Six Californians join Generali suit

Six more Holocaust survivors in California have joined a list of plaintiffs who are suing a large Italian life insurance company for allegedly reneging on payments for policies taken out before World War II by their parents and relatives who perished in Nazi concentration camps. In their lawsuit, filed last week in Los Angeles Superior Court, the survivors claim that Assicurazioni Generali, one of Europe's largest insurers, has stonewalled their requests for payouts for up to 55 years or fobbed them off with meager settlement offers. One plaintiff is Manny Steinberg, 78, who was a 14-year-old boy in Radom, Poland, when he was sent to forced labor at a munitions factory. Later he survived a death march, Auschwitz, and a Dachau satellite camp. His mother and a brother perished in the Holocaust, while his father and another brother survived. "I still remember, when I was a young child, the Generali agent coming to my father's ladies custom tailoring store every two weeks to collect $2 or $3 in insurance premiums," said Steinberg. "And while we were in camp, my father kept reminding me, 'If we get out, there is an insurance policy waiting.' " After six years of correspondence, Generali informed Steinberg that it is still auditing his records. Generali told survivors George Brown and Ebi Gabor that it could not find any records of policies purchased by their parents. The six survivors are seeking damages and an injunction against Generali's allegedly unfair business practices. They are represented by attorney William Shernoff, who over the last three years has filed similar suits on behalf of 12 other survivor families. All the cases, as well as a number of class action suits on Holocaust reparations, have been transferred to a federal court in New York, where they are under review. Shernoff expects that the current litigation will also go to the New York court. Complicating the matter is that all insurance claims against Generali and other European insurance companies have been assigned to the International Commission on Holocaust Era Insurance Claims (ICHEIC), headed by former US secretary of state Lawrence Eagleburger. Peter Simshauser, Generali's attorney in Los Angeles, said the company has paid $100 million to ICHEIC for its operations and to settle insurance claims against Generali.

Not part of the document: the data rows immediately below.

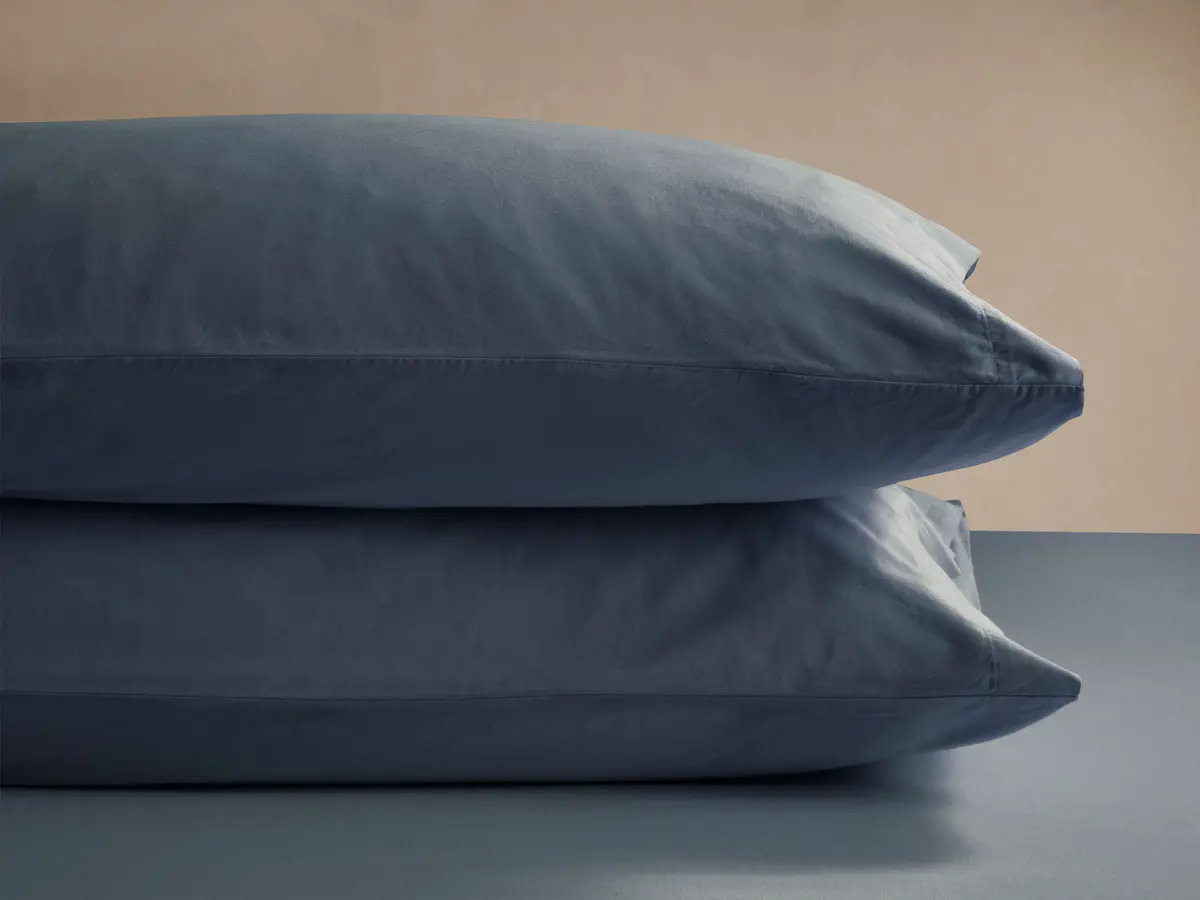 Italian Garment-Dyed Sateen Pillowcases In Indigo (Set Of 2) 1
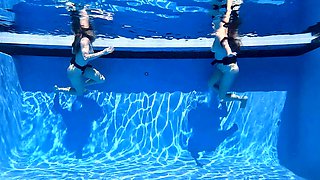 Pool is the perfect place for Cory Chase and Melanie Hicks to have fun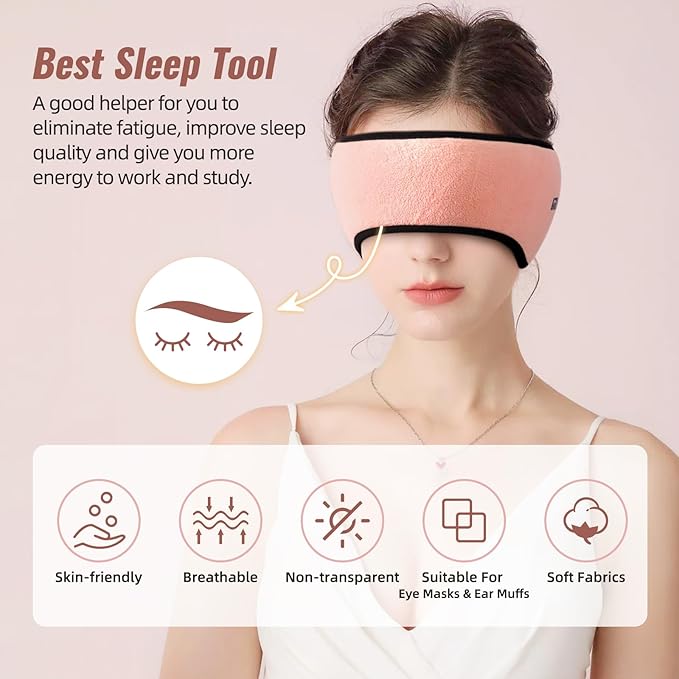 Plush Sleep Mask - Adjustable Headband, 2 in 1 Eye & Ear Mask for Men & Women, Soft Eye Cover for Side Sleepers (Pink) - Bloomnest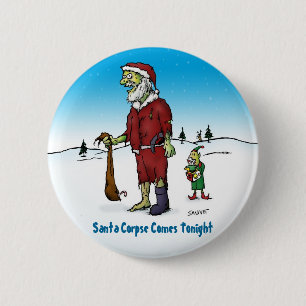 Badge Rond 5 Cm Caricature Zombie de père Noël Corpse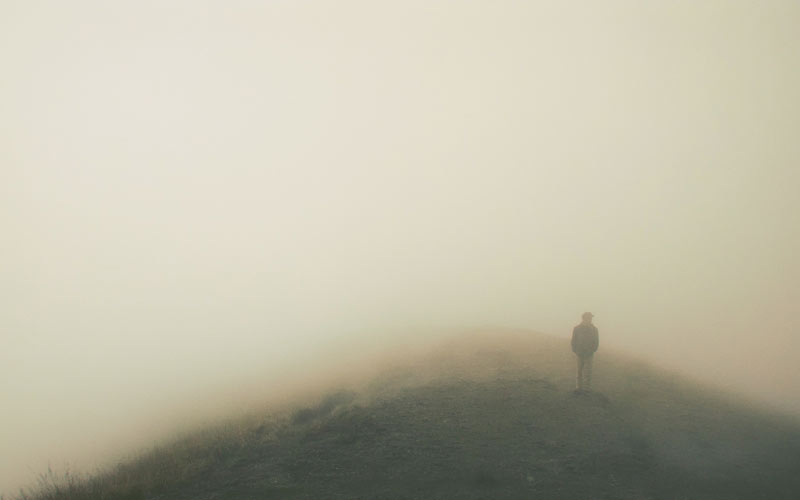 fog, nature, landscape, man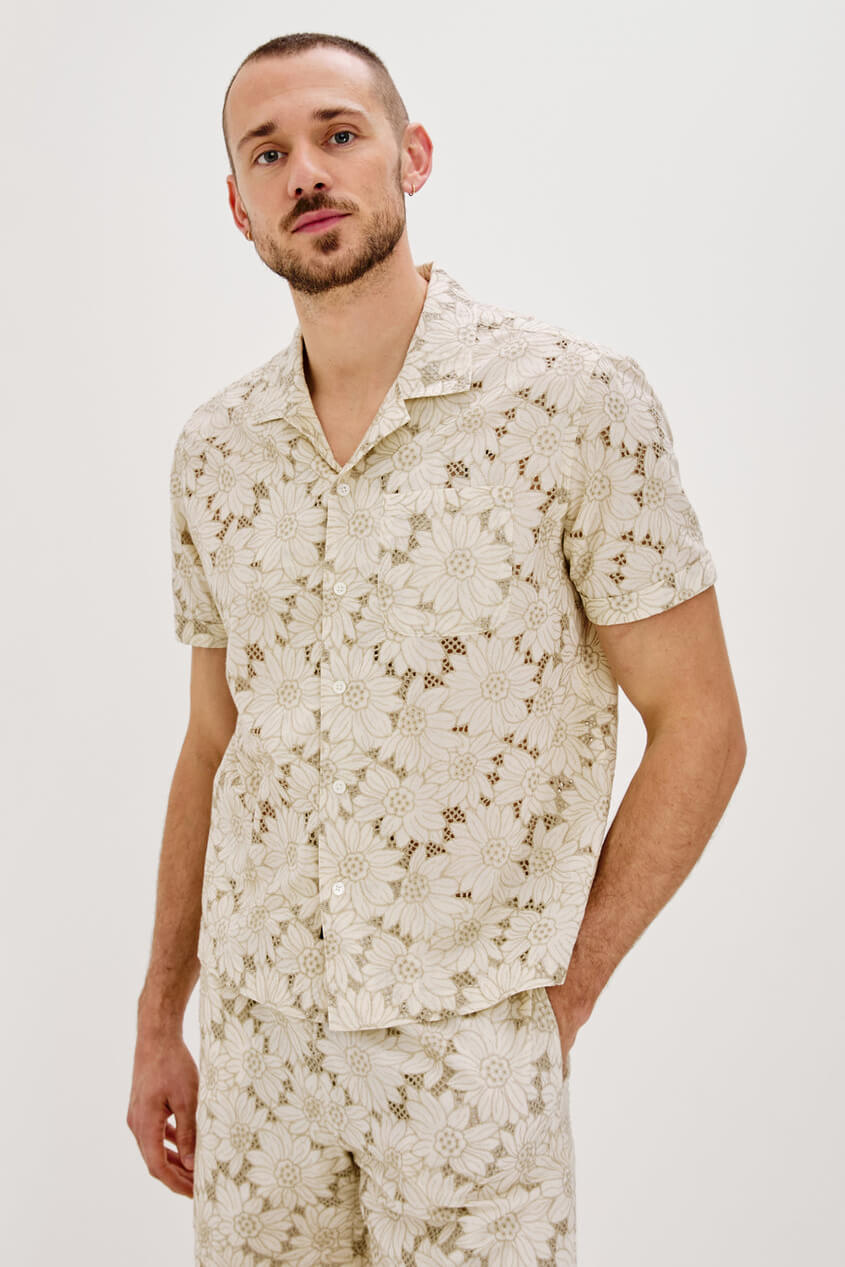 Rails Tyler Shirt in khaki white sunflower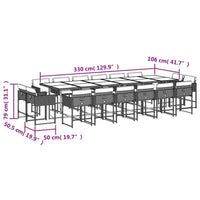 Set da Pranzo da Giardino 17 pz con Cuscini Marrone Polyrattan 3278192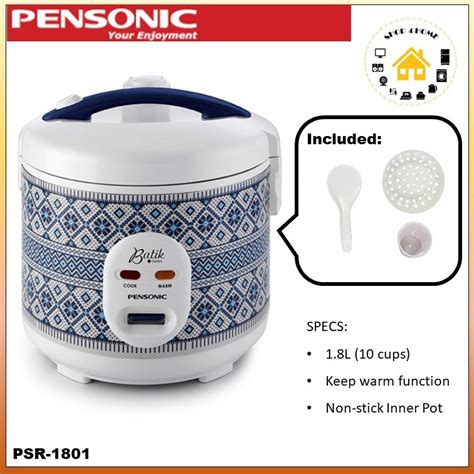 pensonic batik series rice cooker 1 8l psr 1801 periuk nasi 1 8l shopee malaysia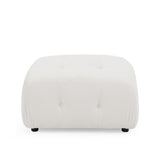 Modular Sectional Sofa, Button Tufted Designed and DIY Combination,L Shaped Couch with Reversible Ottoman, Ivory Teddy Fabric - Home Elegance USA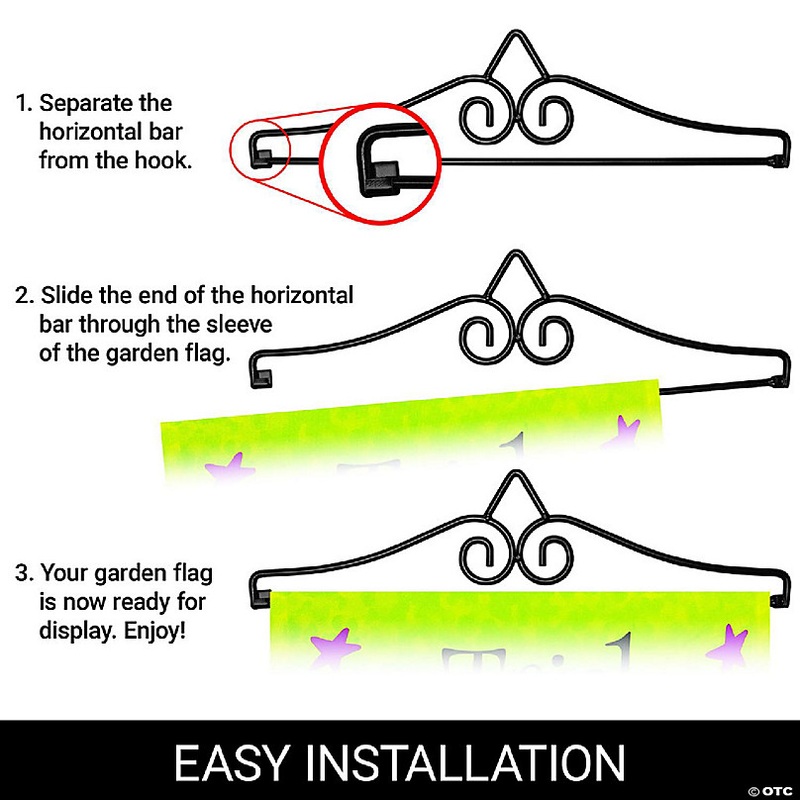 G128 Combo Set: Garden Flag Hanger AND Garden Flag Trick or Treat Purple Witch Hat Green BG 12x18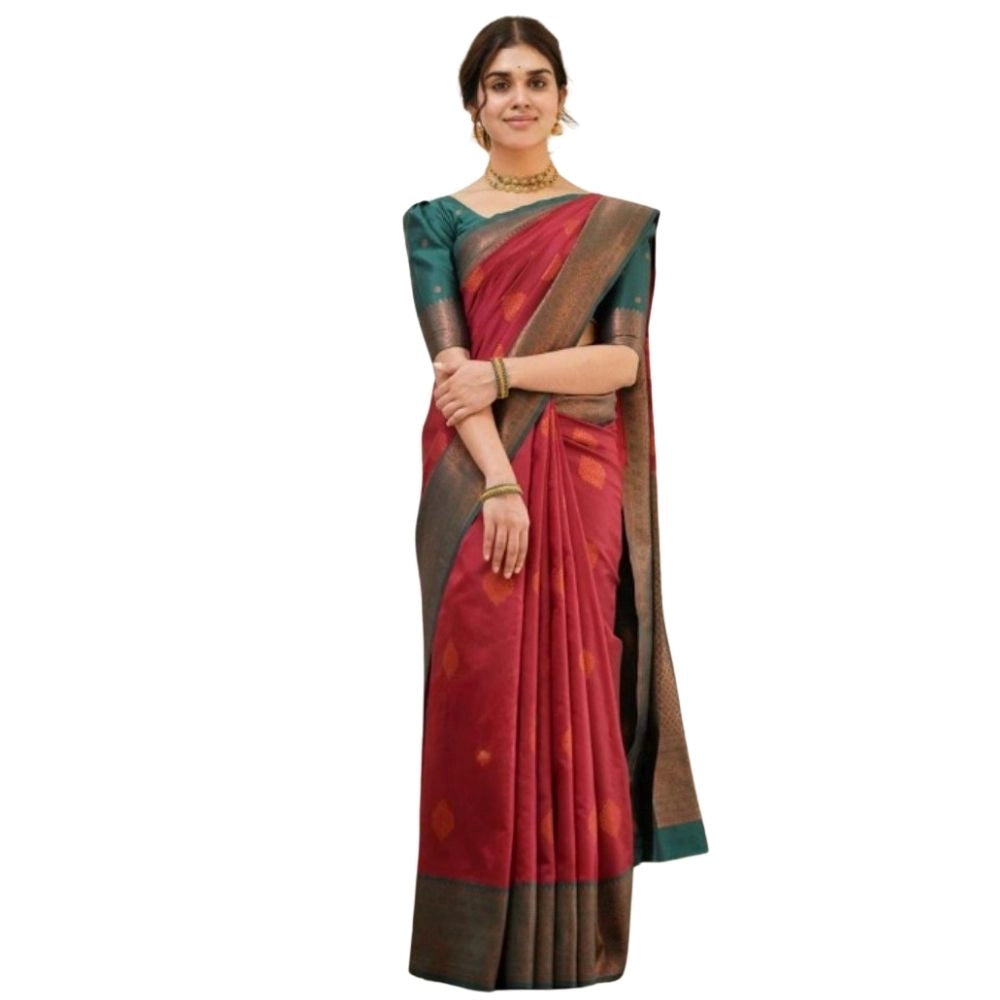 Red silk printed saree with unstitched blouse (5.5mtr), vibrant design on display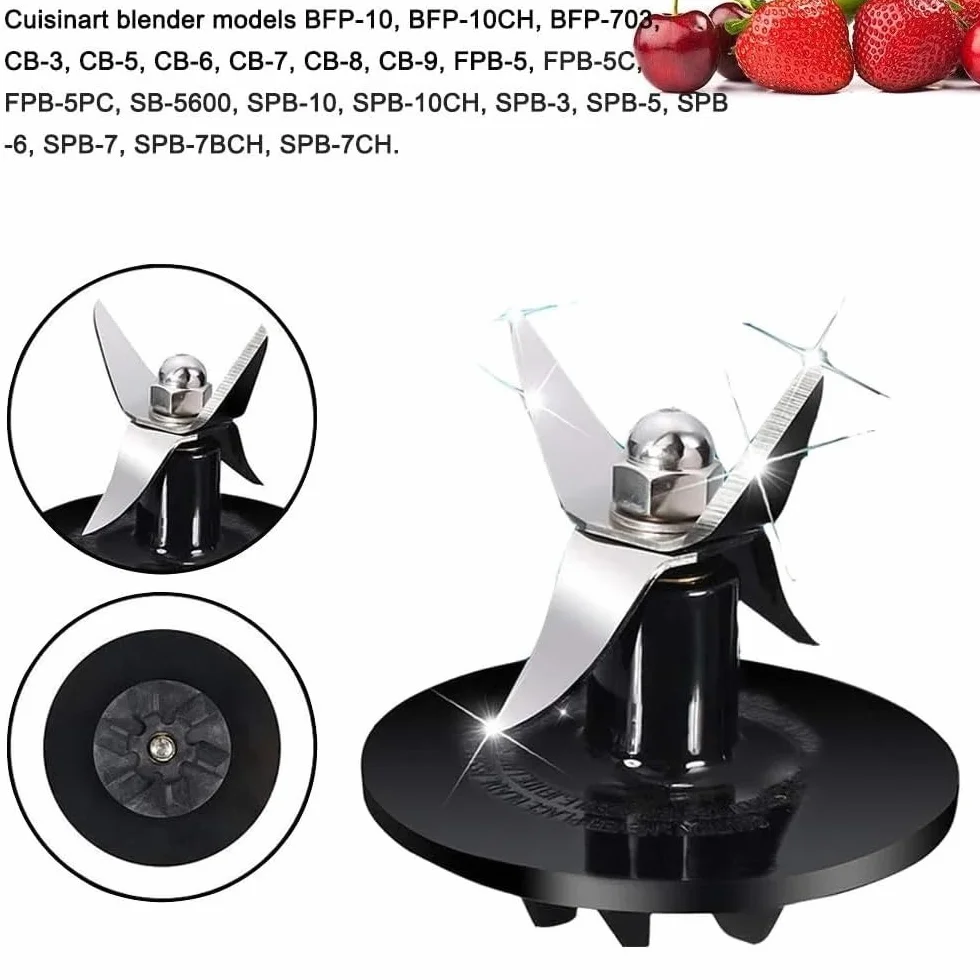 2 szt. SPB456-2B ostrze blendera ze złączem SPB7-20TX, do części Cuisinart BFP-703 FPB-5PC SPB-3 SPB-7 sprzęgło blendera Zestaw ostrzy do pokrywy blendera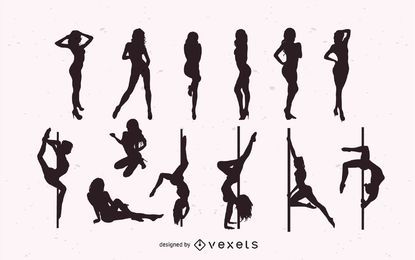Girls Dancing Striptease Pack Silhouette Girls Dancing Striptease Pack Silhouette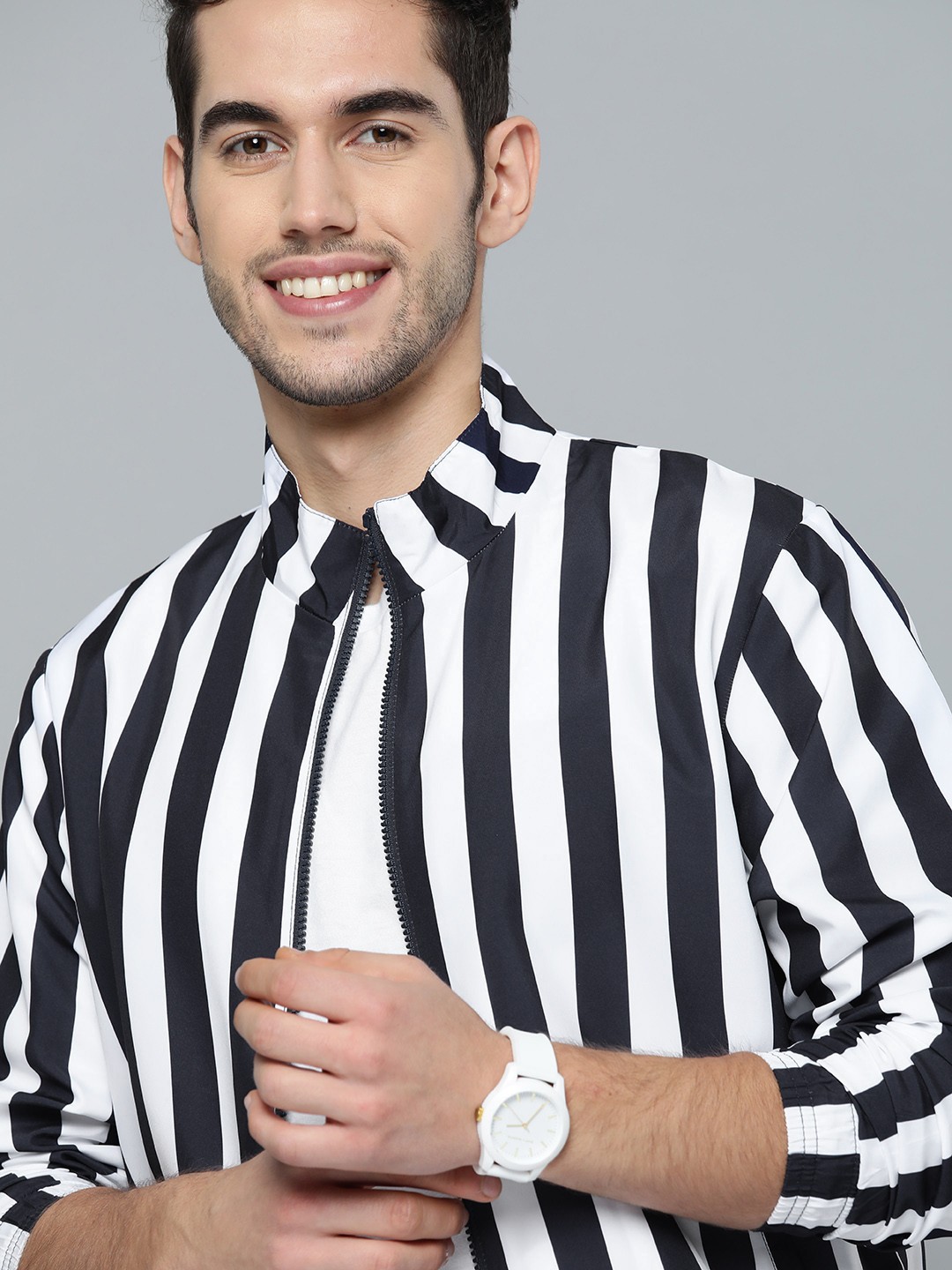 

Mast & Harbour Men Navy Blue & White Striped Lightweight Jacket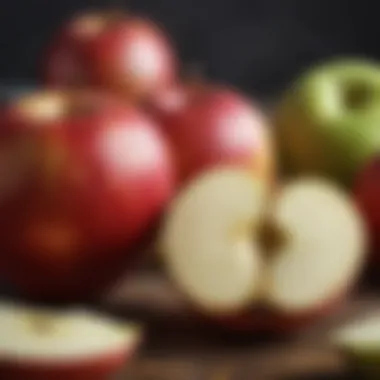 Crisp Texture of Apple and Pear Close-up of a fresh apple and pear, highlighting their crisp texture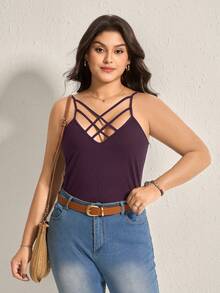 SHEIN LUNE Áo tank top nữ cỡ lớn không tay, dây mảnh, kiểu dáng tối giản, thoải mái, thích hợp cho mùa hè, với phần lưng đan chéo. - Màu tím - Xem 5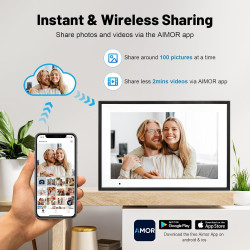 FUNCARE Cadre Photo Numérique WiFi 10,1 Pouces, Mémoire 32 Go, Écran Tactile HD 1280x800 IPS, Partage de Photos Vidéos Via APP, 
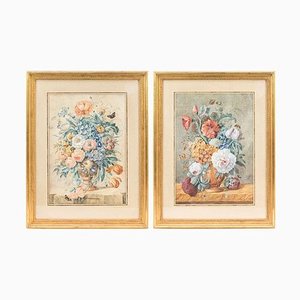 19th Century Flowers Bouquets Gouaches, Set of 2-CEJ-626744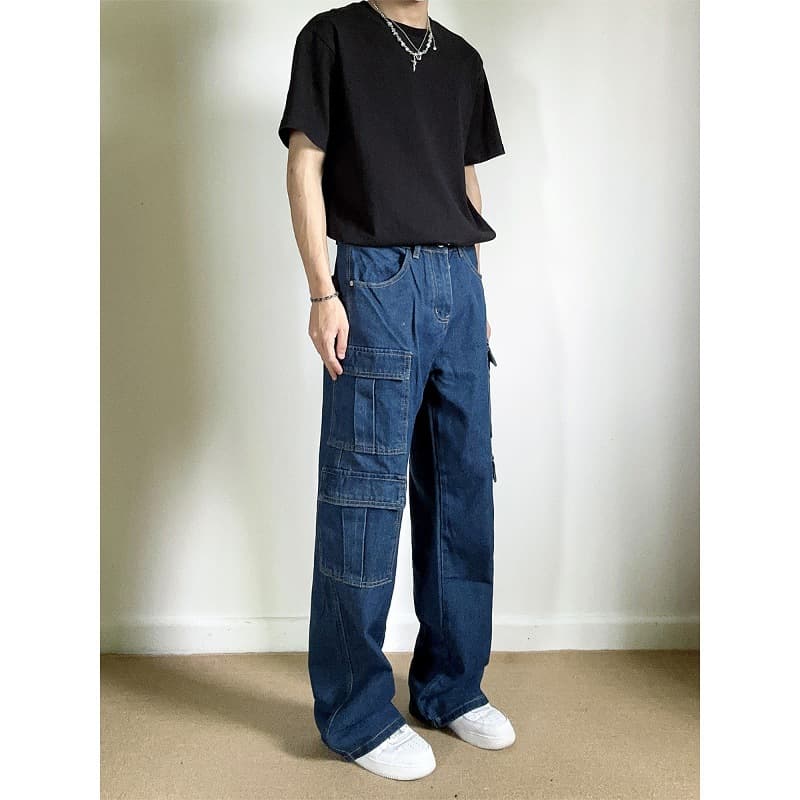 2025 American Retro Multi-Pocket Cargo Jeans for Men Straight Leg Dark Blue Washed Street Loose Fit Long Pants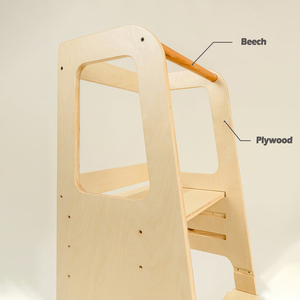 Tour d'apprentissage Montessori en bois pliable et réglable pour tout-petits, aide de <span class=keywords><strong>cuisine</strong></span>, marchepied réglable, vente en gros directe usine - Product Image 3
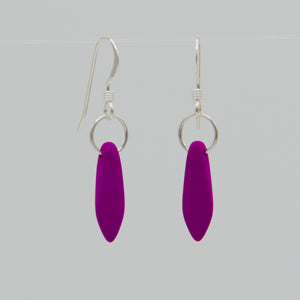 Shelalee Jane Earrings Purple Neon Czech Glass Beads Sterling Silver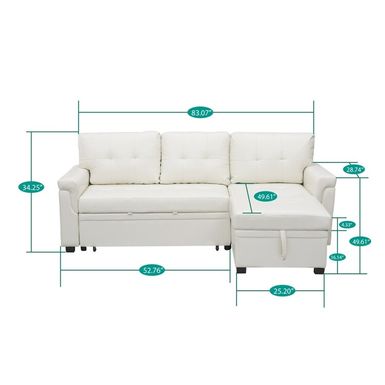Naomi Home Laura Sectional Sleeper Sofa - Elegant L-Shaped Couch - Convertible Pull-Out Bed, Ample Storage, Sturdy Construction - Gray,...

"Some individual claimants have received in excess of $500,000," he said. Simshauser cited a letter sent last week by Generali director-general Meir Lantzman to the Knesset, stating that the company had paid out $45.5m. to 2,751 individuals. Shernoff rebutted that the current value of policies held by survivors and heirs of Holocaust victims is more than $1 billion. "It's a joke," he said. "Generali is paying out less than 10 cents on the dollar." ICHEIC itself has been under heavy criticism by survivor organizations, state insurance directors, and some congressmen, who have accused the commission of foot-dragging and bureaucratic red tape. Last September, three Los Angeles-area survivors, including Manny Steinberg, filed a suit against ICHEIC, claiming that it serves as a front for Generali. The deadline for submitting claims to ICHEIC expired December 31. In filing the latest suit against Generali after this deadline, Shernoff said he wanted to make it clear that those who had not yet sent in a claim, or felt they had been given the runaround by ICHEIC or Generali, could still stake their claims through lawsuits.